> About this exercise
Exactly the lines from the one with "Invitation de rêve" through the end of the records below are needed, minus any pictures.

> Data for review

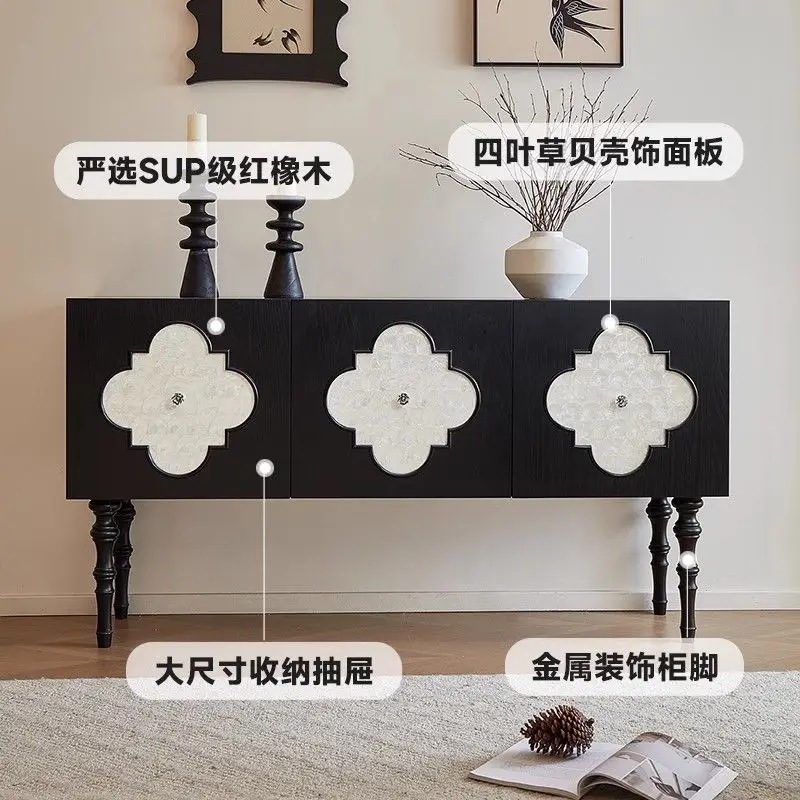 French entrance cabinet, living room, sofa sideboard, black shape console table, shelf, hallway corner chest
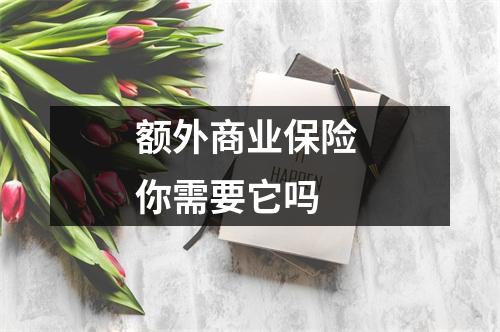 额外商业保险 你需要它吗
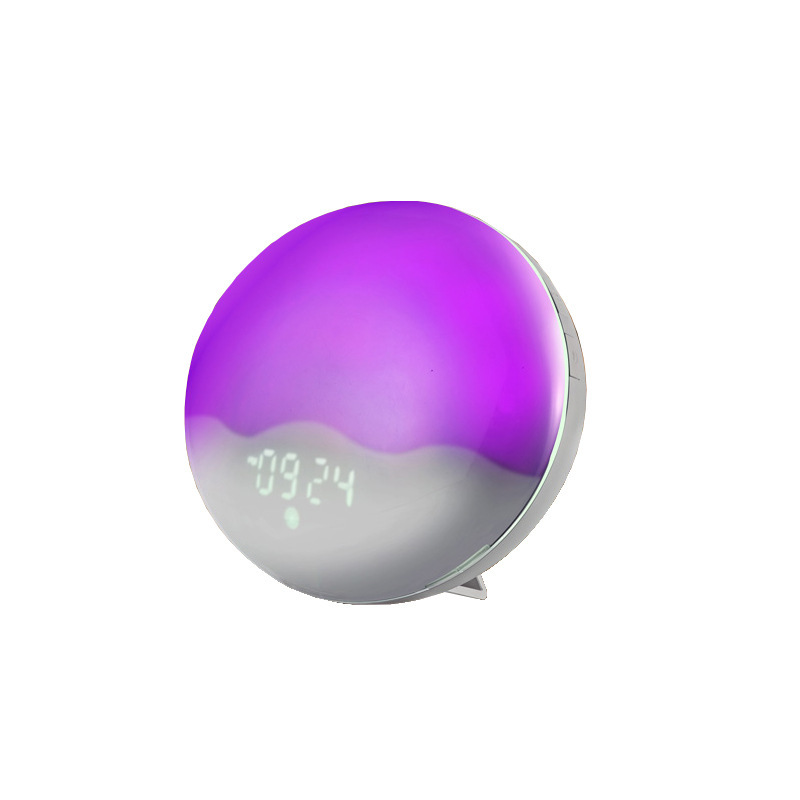 Creativa Oval amanecer despertador luz electrónica simulación puesta de sol ruido blanco hipnosis colorido ambiente Altavoz Bluetooth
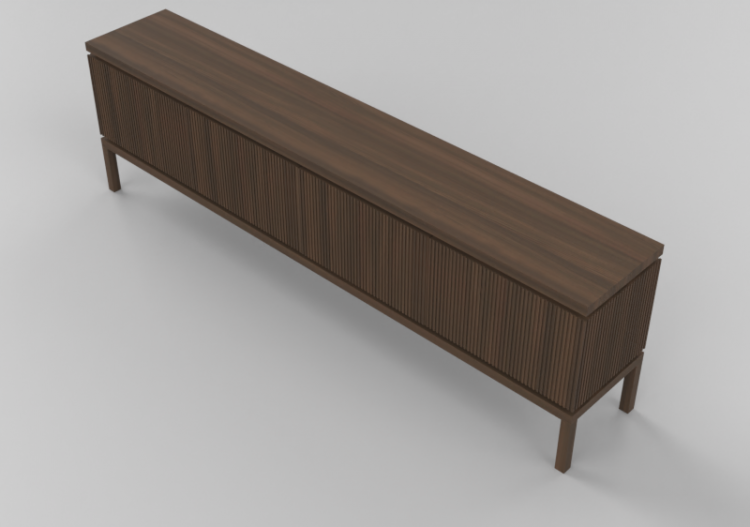 3D Möbel - Holz-Buffet - Schuster - HC 2600 - ACCA software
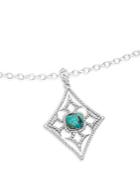 Armenta New World Diamond & Chrysocolla Enhancer Pendant
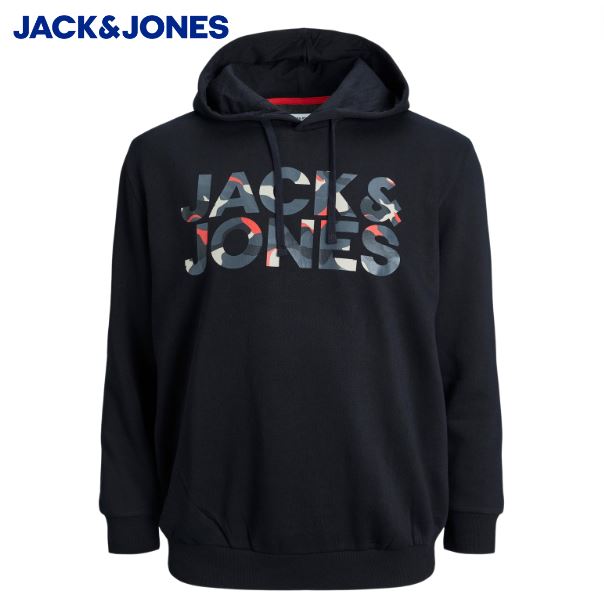 Jack & Jones Amp Black Sweat Hoodie Black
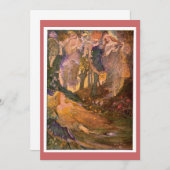 Invitation de rêve de la nuit d'été (Devant / Derrière)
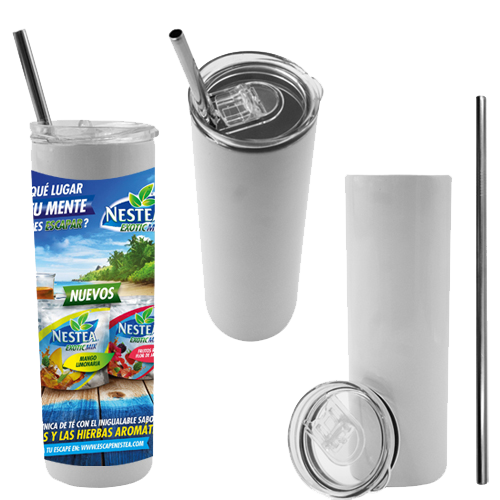 Termo sublimable con doble pared de acero inoxidable.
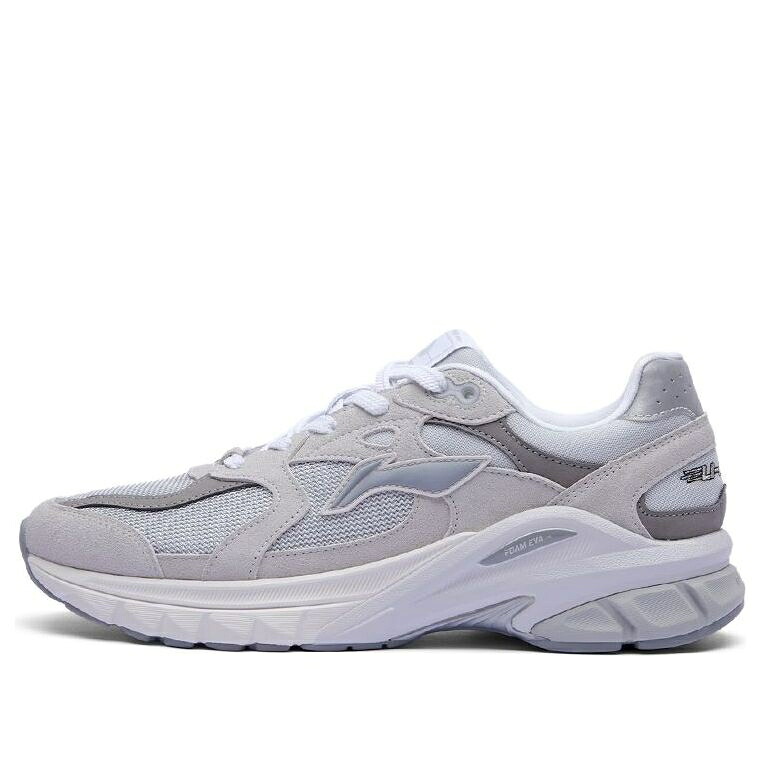 リーニン 灰色 グレー 紫 パープル 'GREY PURPLE' スニーカー メンズ LI-NING FURIOUS RIDER RUNNER AZGT011-2 / GREY PURPLE|スニケス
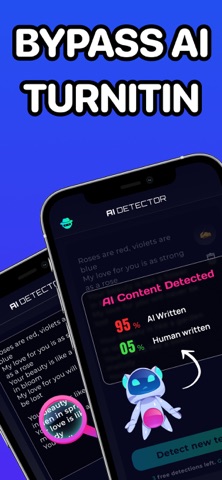 BypassAI - AI Detector Check iPhone screenshot 1 — education app by Lemonade Tech LLC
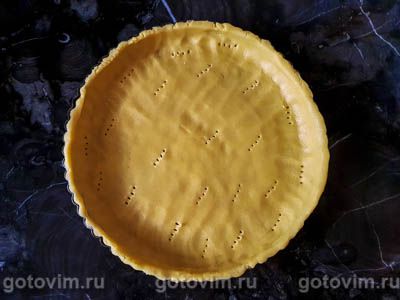 Французский песочный пирог с заварным лимонным кремом (tarte au citron)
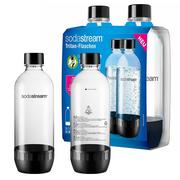 Akcesoria i części AGD - Sodastream DuoPack 2 x 1 l butelka z tritanu nadaje się do mycia w zmywarce (nie zawiera BPA) zapasowe butelki do saturatora wody z butelkami PET - miniaturka - grafika 1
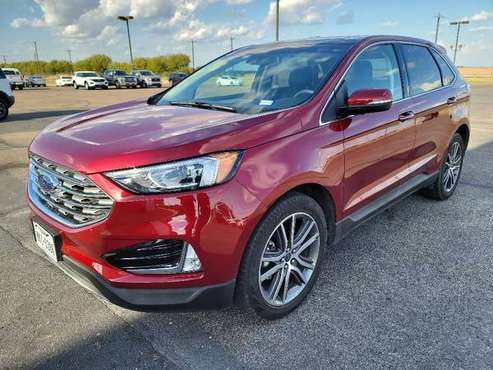 2019 Ford Edge Titanium, PANO ROOF, LOW MILES for sale in Mc Gregor, TX
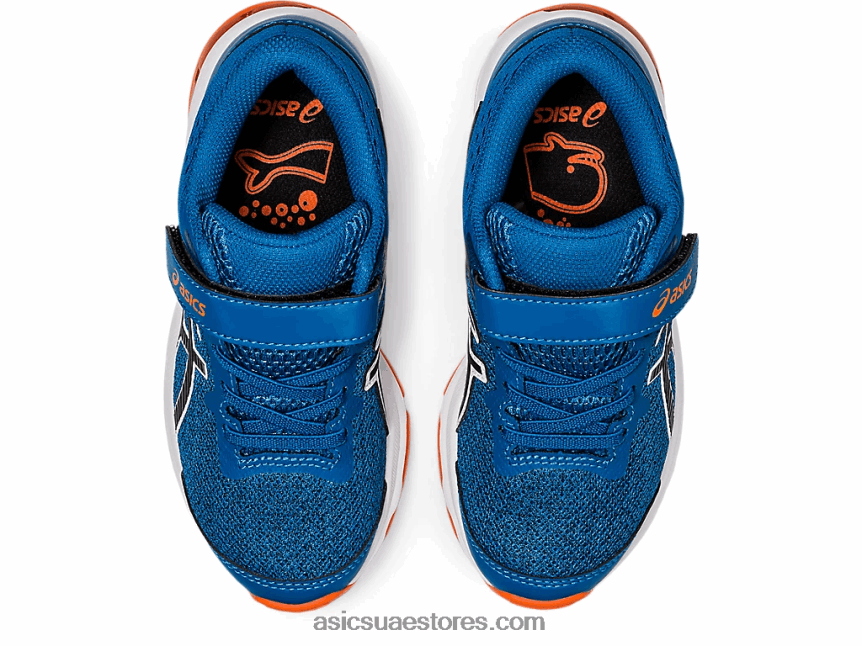 Asics تولد من جديد أزرق / أسود GT-1000 10 روضة أطفال 2N24DJ4538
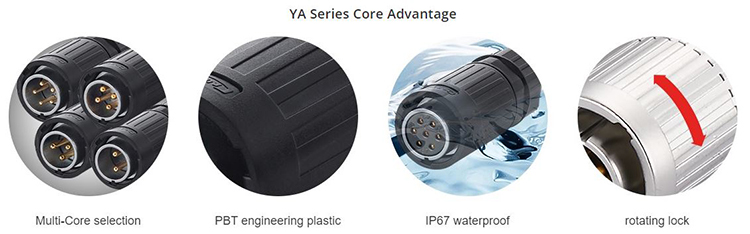 YA-20 Series Waterproof Connector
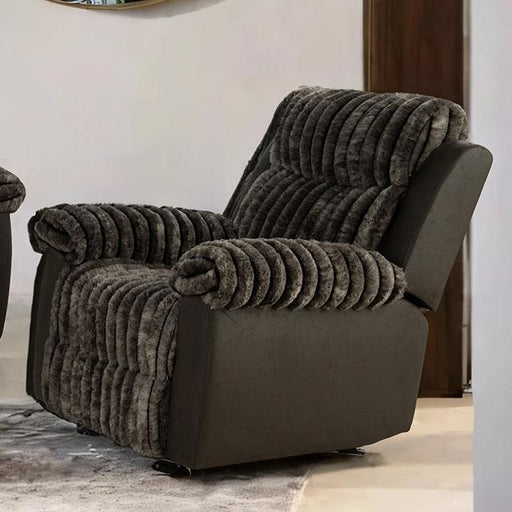 Dionysus Manual Glider Recliner Brown - The Mattress Center (Fresno,CA)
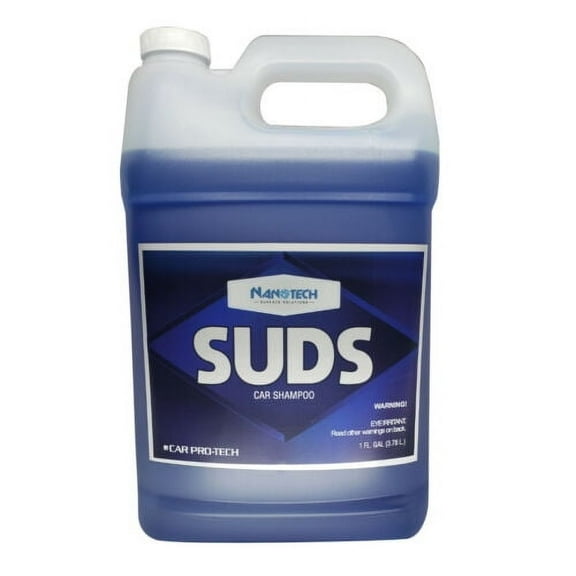 Nanotech Surface Solutions Suds Car Shampoo - Car Wash Soap - Cleans Without Scratching, Safe on Paint Sealants & Ceramic Coatings - Works with Foam Cannons or Buckets - 128 Oz.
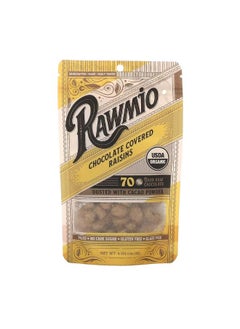 Buy Chocolate Covered Raisins 70 Dark Raw Chocolate 2 oz 56.7 g in UAE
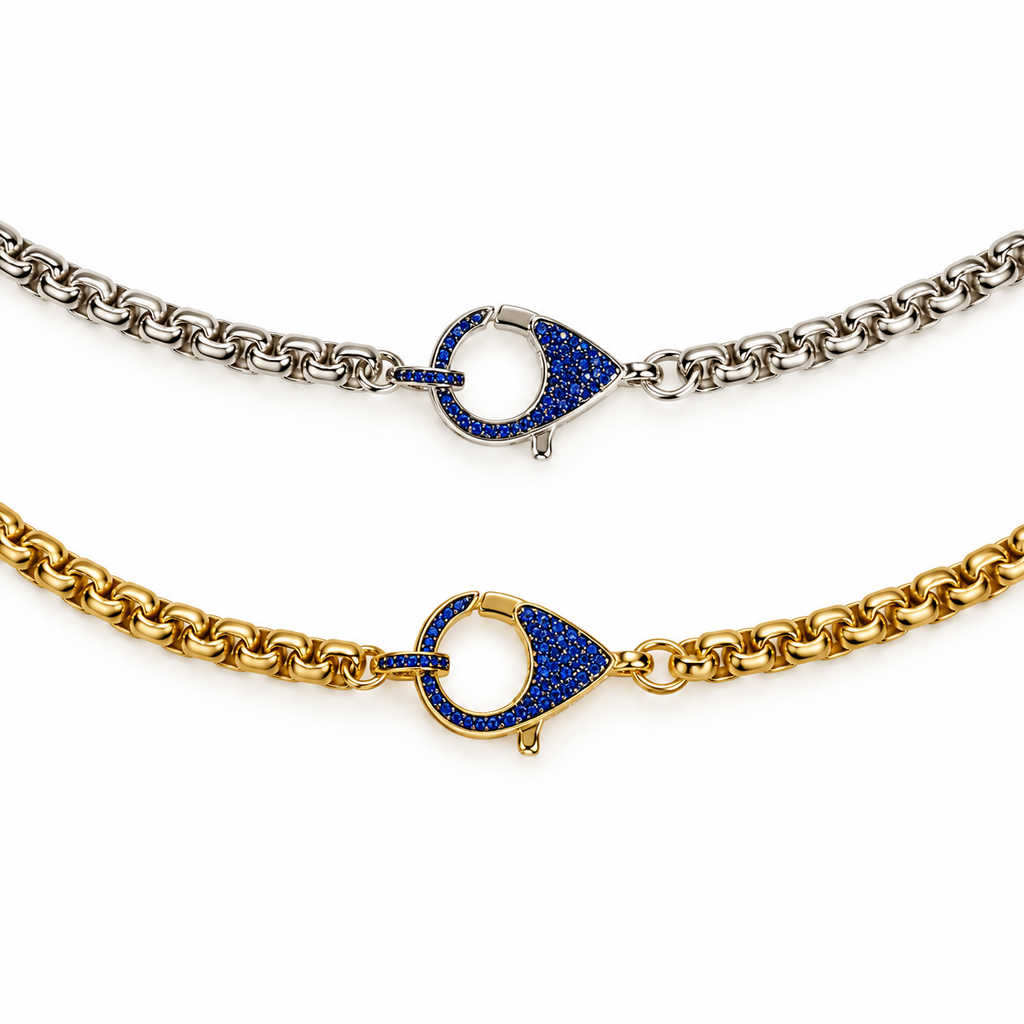 Collar Azul Royal Pavé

> Expected answer
 Invitation de rêve de la nuit d'été (Devant / Derrière)
 Termo sublimable con doble pared de acero inoxidable.
 リーニン 灰色 グレー 紫 パープル 'GREY PURPLE' スニーカー メンズ LI-NING FURIOUS RIDER RUNNER AZGT011-2 / GREY PURPLE|スニケス
 BypassAI - AI Detector Check iPhone screenshot 1 — education app by Lemonade Tech LLC
 Французский песочный пирог с заварным лимонным кремом (tarte au citron)
 Akcesoria i części AGD - Sodastream DuoPack 2 x 1 l butelka z tritanu nadaje się do mycia w zmywarce (nie zawiera BPA) zapasowe butelki do saturatora wody z butelkami PET - miniaturka - grafika 1
 2019 Ford Edge Titanium, PANO ROOF, LOW MILES for sale in Mc Gregor, TX
 Asics تولد من جديد أزرق / أسود GT-1000 10 روضة أطفال 2N24DJ4538
 YA-20 Series Waterproof Connector
 Dionysus Manual Glider Recliner Brown - The Mattress Center (Fresno,CA)
 Nanotech Surface Solutions Suds Car Shampoo - Car Wash Soap - Cleans Without Scratching, Safe on Paint Sealants & Ceramic Coatings - Works with Foam Cannons or Buckets - 128 Oz.
 Buy Chocolate Covered Raisins 70 Dark Raw Chocolate 2 oz 56.7 g in UAE
 Collar Azul Royal Pavé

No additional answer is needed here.